Corredor ficou alagado de sangue após a intervenção da PM no Carandiru em 1992 - 2.out.1992 - Niels Andreas/Folhapress
Corredor ficou alagado de sangue após a intervenção da PM no Carandiru em 1992 Imagem: 2.out.1992 - Niels Andreas/Folhapress

Mirthyani Bezerra

Do UOL, em São Paulo

11/04/2017 12h53Atualizada em 11/04/2017 14h49

Por quatro votos a um, os desembargadores do TJ-SP (Tribunal de Justiça de São Paulo) decidiram, nesta terça-feira (11), levar a novo julgamento os 74 policiais militares que haviam sido condenados pelas 111 mortes de detentos no massacre do Carandiru, ocorrido em outubro de 1992.

Os cinco desembargadores tinham de decidir hoje se aceitavam ou não os embargos infringentes (um tipo de recurso).
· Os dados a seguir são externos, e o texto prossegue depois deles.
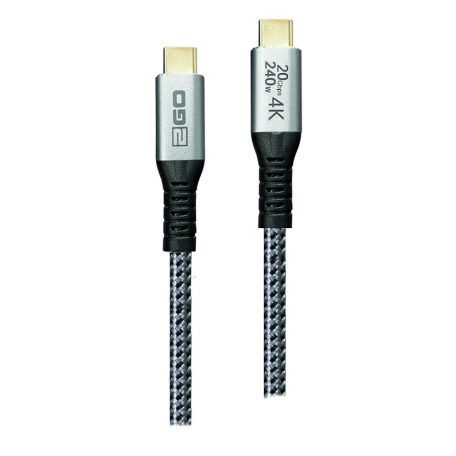 2GO SuperSpeed+ USB-C FastCharge Cable 240W 2m Black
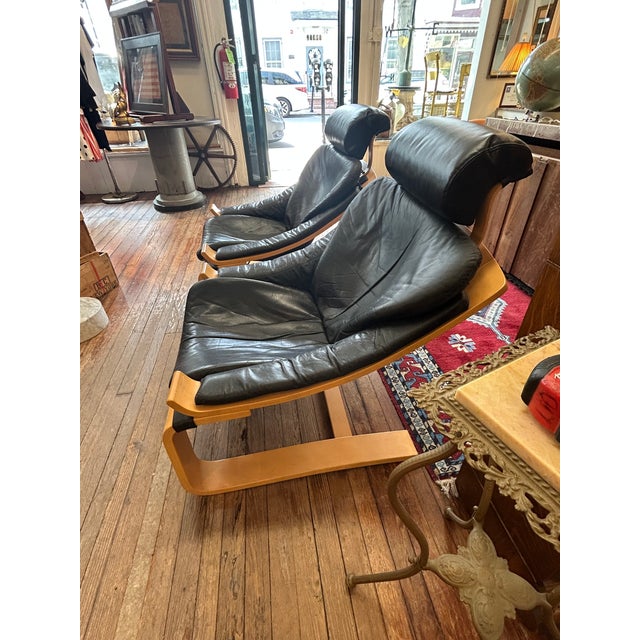 Mid-Century Modern Swedish Designer Midcentury Modern Lounge Chairs by Fribytter - A Pair For Sale - Image 3 of 13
Na prática, a decisão definiria se os réus seriam levados a novo julgamento ou se seriam absolvidos.

Isso porque, em setembro do ano passado, uma decisão unânime de três desembargadores da 4ª Câmara Criminal do TJ-SP anulou os julgamentos dos PMs.

Entre 2013 e 2014, em cinco julgamentos diferentes, os 74 PMs foram condenados. Em todos eles, o júri votou pela condenação dos réus. As penas variaram entre 48 e 624 anos de prisão. Como a defesa recorreu da decisão, nenhum policial foi preso.

No ano passado, três desembargadores anularam os cinco julgamentos por considerarem que não há provas que demonstrem quais foram os crimes cometidos por cada um dos PMs condenados.

Mas apenas um deles, o desembargador Ivan Sartori, além de votar pela anulação do julgamento, também pediu a absolvição de todos os 74 réus, baseando-se na absolvição de três policiais militares durante um dos julgamentos.

Na ocasião, Sartori declarou que não houve massacre, o que gerou muitas críticas. "Não houve massacre. Houve obediência hierárquica. Houve legítima defesa. Houve estrito cumprimento do deve legal. Agora, não nego que, dentre eles, possa ter existido algum assassino."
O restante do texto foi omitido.